■ Required work ■
The answer is the data below, repeated exactly, with no pictures included.

++++ Data extract ++++

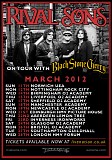 Black Stone Cherry - Live At Rock City, Nottingham, England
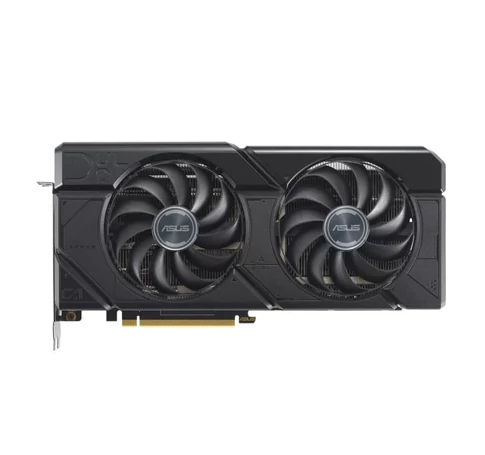 ASUS Dual -RX7700XT-O12G AMD Radeon RX 7700 XT 12 GB GDDR6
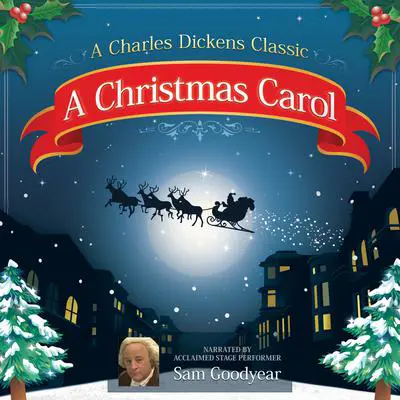 A Christmas Carol Audibook, by Charles Dickens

++++

■ The answer ■
 Black Stone Cherry - Live At Rock City, Nottingham, England
 ASUS Dual -RX7700XT-O12G AMD Radeon RX 7700 XT 12 GB GDDR6
 A Christmas Carol Audibook, by Charles Dickens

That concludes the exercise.